Tableau IV : Les attentes exprimées par les organisations d’usagers
La contribution de ces organisations est majeure dans la mesure où elles évoquent les multiples dimensions de ce que peut signifier l’accès à l’égalité pour les personnes handicapées. Bien qu’elles s’en tiennent aux aspects principaux, elles soulignent avec force au moins deux problèmes qui méritent d’être considérés avec grand soin.
D’une part, les déclarations d’intention, voire les promesses, sont généreuses, mais la réalisation traîne les pieds dans de nombreux secteurs. Les excuses sont multiples : elles vont de la complexité des problèmes, à la multiplicité des obstacles à surmonter et aux coûts engendrés par les mesures.
D’autre part, les organisations soulignent les difficultés induites par la structure fédéraliste et les conflits de compétence qu’elle entraîne trop souvent. Lenteurs et disparités sont la résultante de ces réalités structurelles. Certaines catégories de personnes en font particulièrement les frais. Le rapport évoque explicitement le problème des directives concernant le traitement des requérants et requérantes d’asile handicapés.

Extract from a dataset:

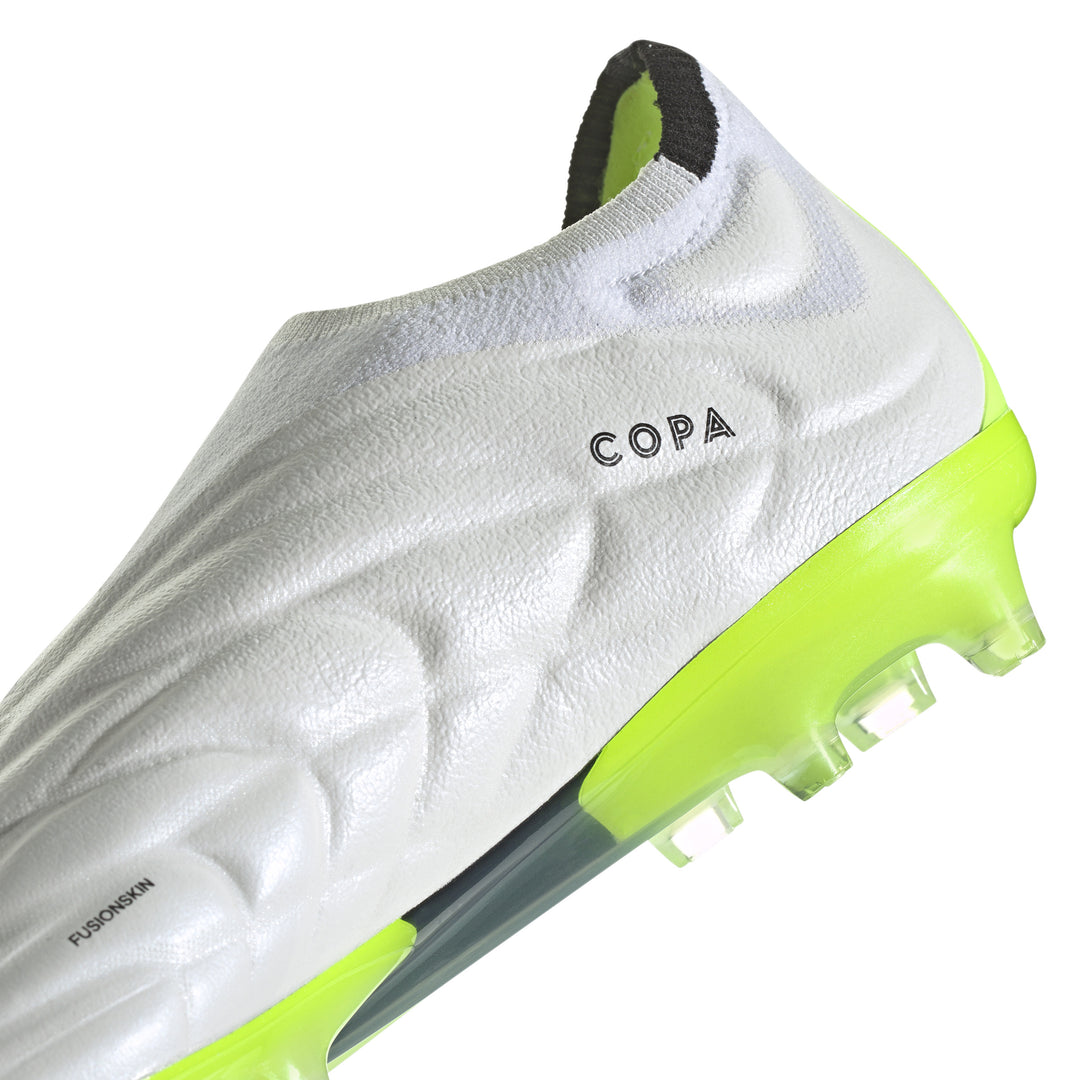 adidas Copa Pure+ FG Firm Ground Soccer Cleats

Tableau V : Nuages à l’horizon
L’association romande Pro Mente Sana rappelle que les mesures prises dans le cadre de la 5e révision de l’assurance invalidité ne pourront porter leurs fruits, le cas échéant, qu’après plusieurs années.

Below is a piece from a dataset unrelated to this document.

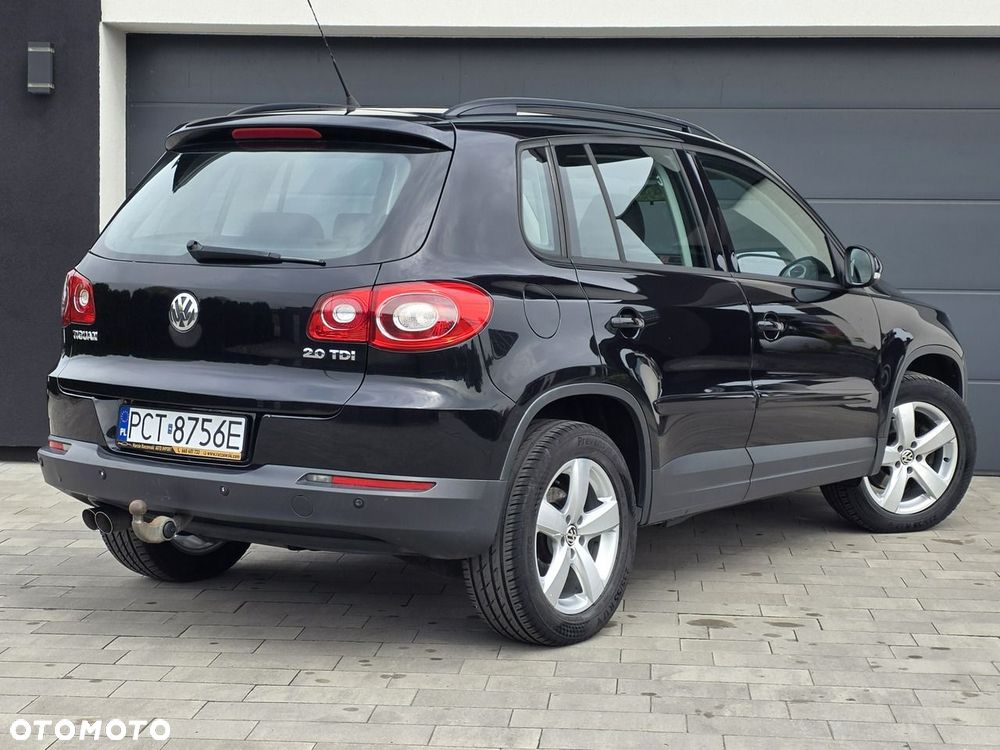 Volkswagen Tiguan - 3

Dès lors, il lui semble tout à fait prématuré d’introduire de façon précipitée de nouvelles dispositions alors que celles préconisées par la 5e révision font encore partie des nouveaux instruments à disposition des offices AI. Or, la 6e révision prévoit une base légale afin de réviser toutes les rentes attribuées avant 2008 pour les troubles somatoformes douloureux, les fibromyalgies et les pathologies similaires, soit 4500 rentes entières. Elle prévoit de les supprimer quel que soit l’âge de la personne ou la durée d’octroi de la rente.
L’objectif du paquet de mesures est le suivant : en six ans, diminuer de 12’500 rentes entières le nombre total de rentes. Cette diminution touchera un nombre bien supérieur d’assurés puisqu’il y a également des quarts de rentes, des demi-rentes, etc. Cet objectif, chiffré d’avance, ne tient pas compte de la difficulté du processus de réadaptation et laisse clairement apparaître la volonté du Conseil fédéral : parvenir à supprimer 5% des rentes, quelle que soit la réalité du potentiel de réadaptation des rentiers.
Pro Mente Sana ajoute : « Lors de la campagne du référendum contre la 5e révision de l’AI, les employeurs se sont engagés à soutenir les personnes atteintes dans leur santé, à les maintenir en emploi, à les embaucher. Cette promesse a-t-elle été tenue ? Or, ce projet de 6e révision parie sur le fait que les employeurs, sans y être fortement incités ou contraints, embaucheront des personnes atteintes dans leur santé et absentes du marché du travail depuis de nombreuses années. »
Garder les yeux ouverts ! Une attitude qui s’impose pour l’année qui vient. Les politiques de promotion de l’égalité des personnes handicapées peuvent basculer. D’un côté les discours et les vœux, de l’autre un chapelet de petites mesures qui peuvent induire une péjoration de la situation. Les choix doivent être confirmés dans un contexte où les « fausses » excuses ne manquent pas à ceux qui invoquent inlassablement la « crise » ou le frein à l’endettement pour aggraver les conditions de vie des plus démunis.